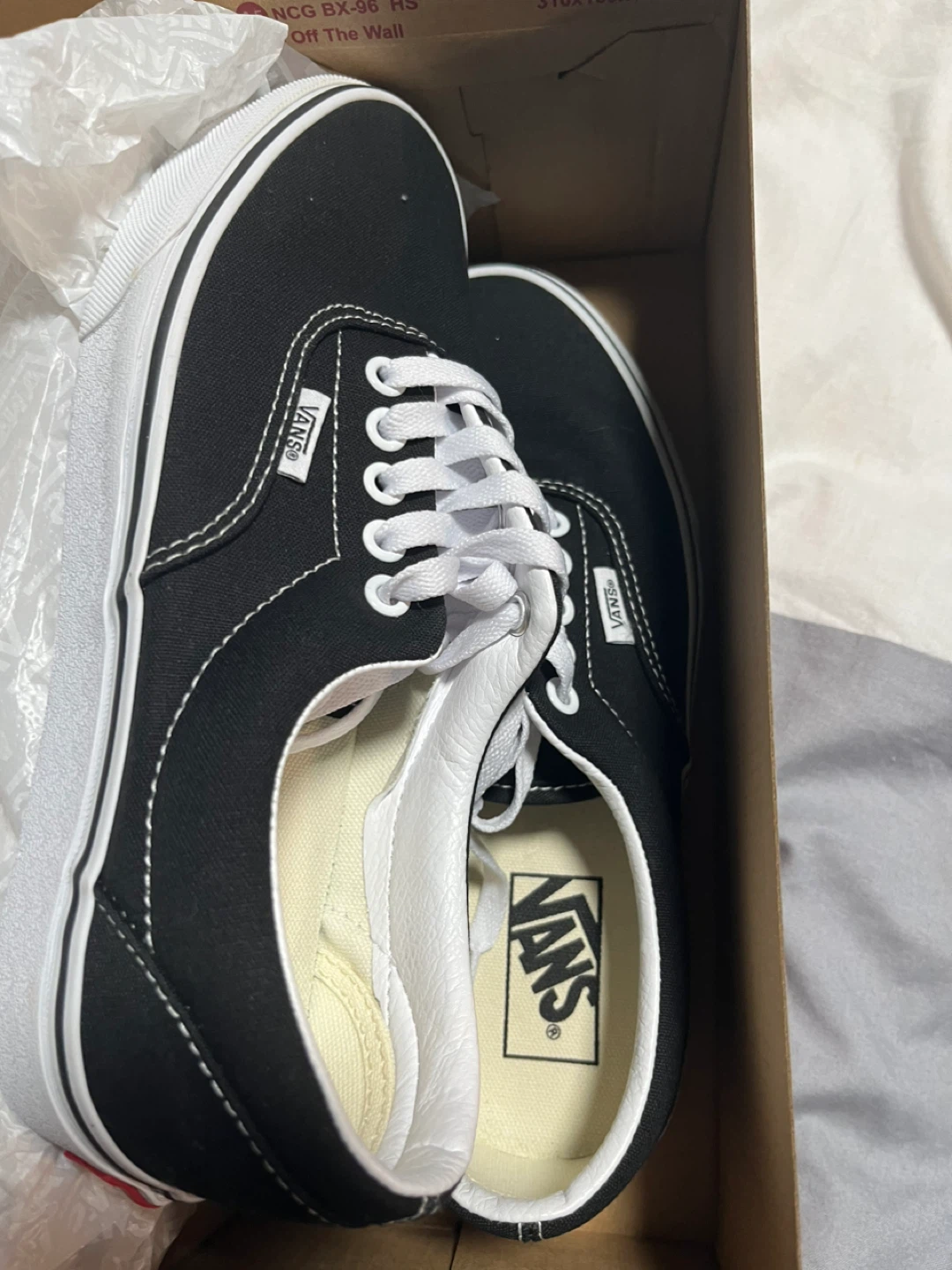 Vans Era Black/White Shoes - photo 2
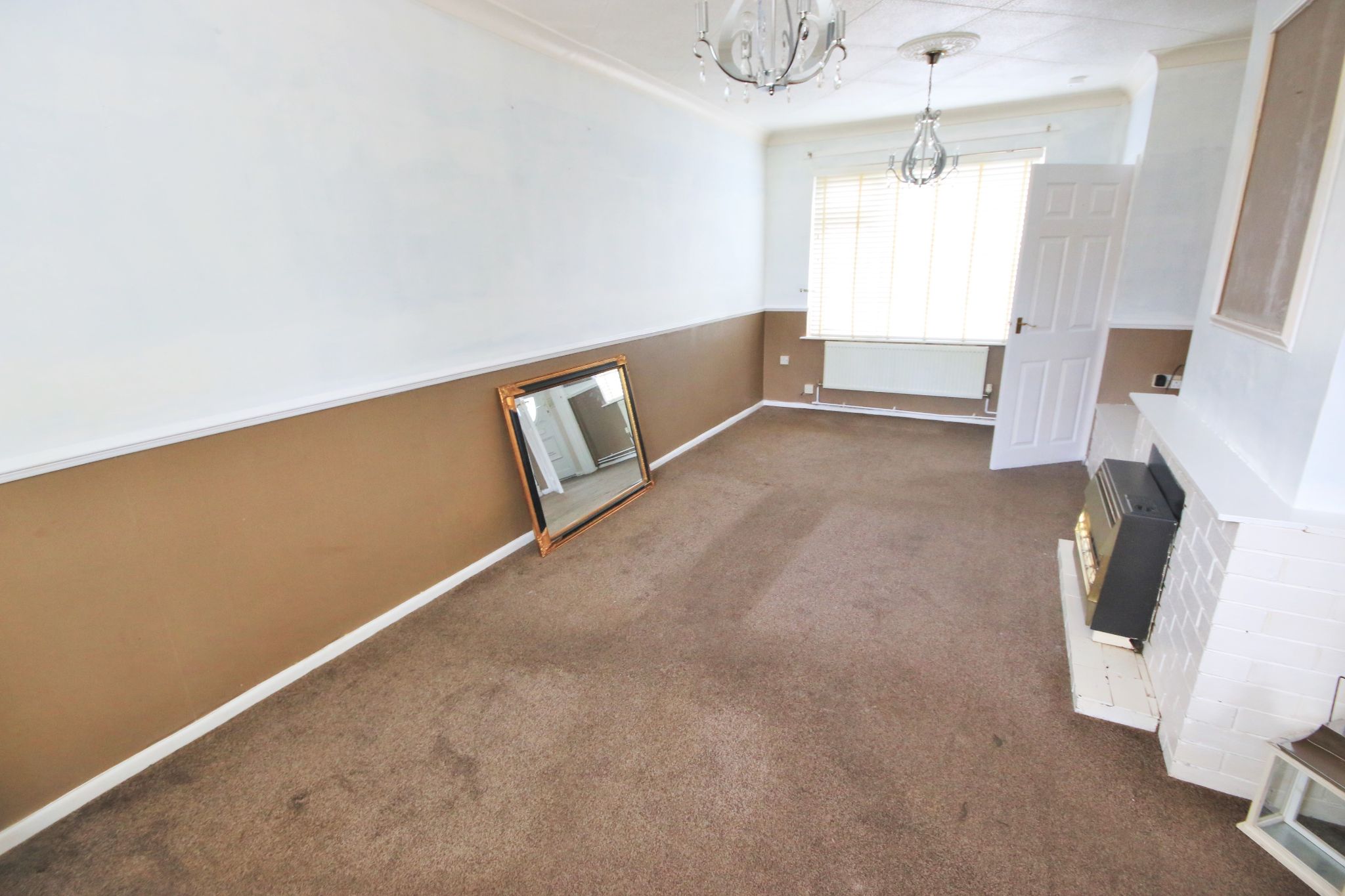 3 bedroom semi-detached house Let in Wigan - Photograph 2.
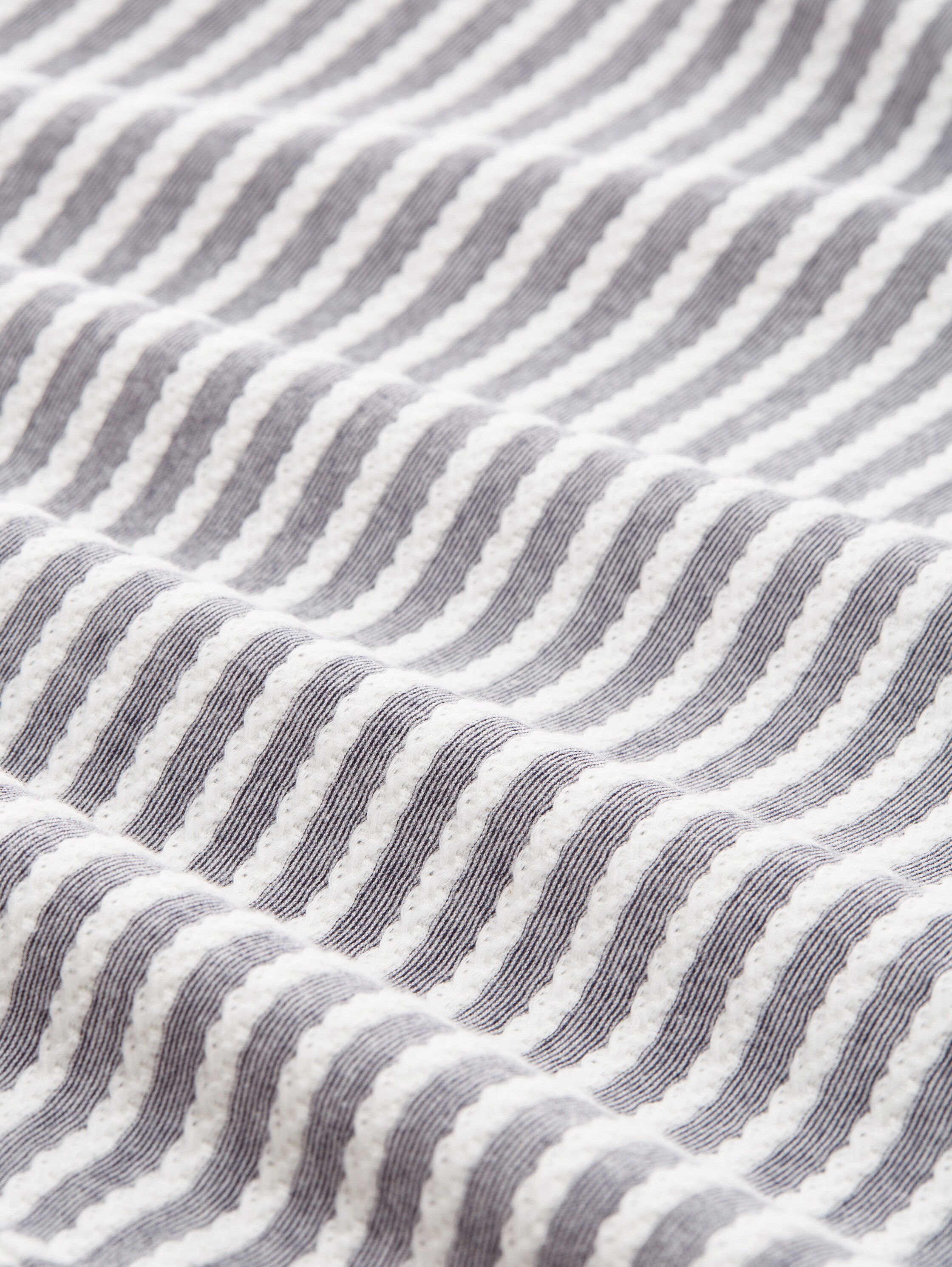 Sweatshirt mit Streifenmuster - blue_white_structured_stripe - 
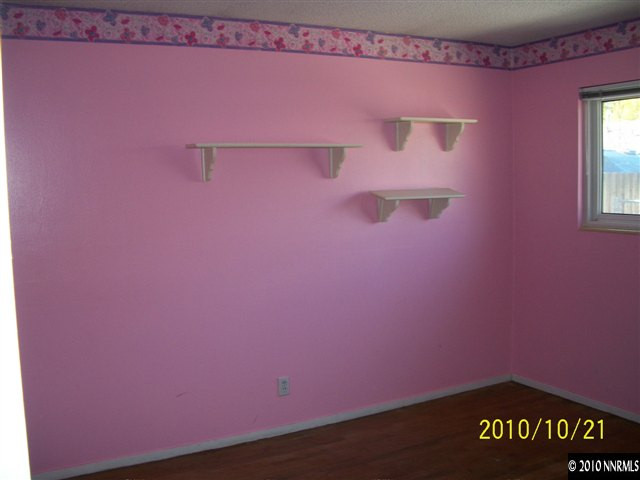 4531 Azalea Drive Reno, NV 89502 - Photo 6 of 10 a view of a small space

——————————

To do
Once the pictures are set aside, transcribe the remaining lines above exactly.

Written reply
 Vans Era Black/White Shoes - photo 2
 3 bedroom semi-detached house Let in Wigan - Photograph 2.
 Sweatshirt mit Streifenmuster - blue_white_structured_stripe - 
 4531 Azalea Drive Reno, NV 89502 - Photo 6 of 10 a view of a small space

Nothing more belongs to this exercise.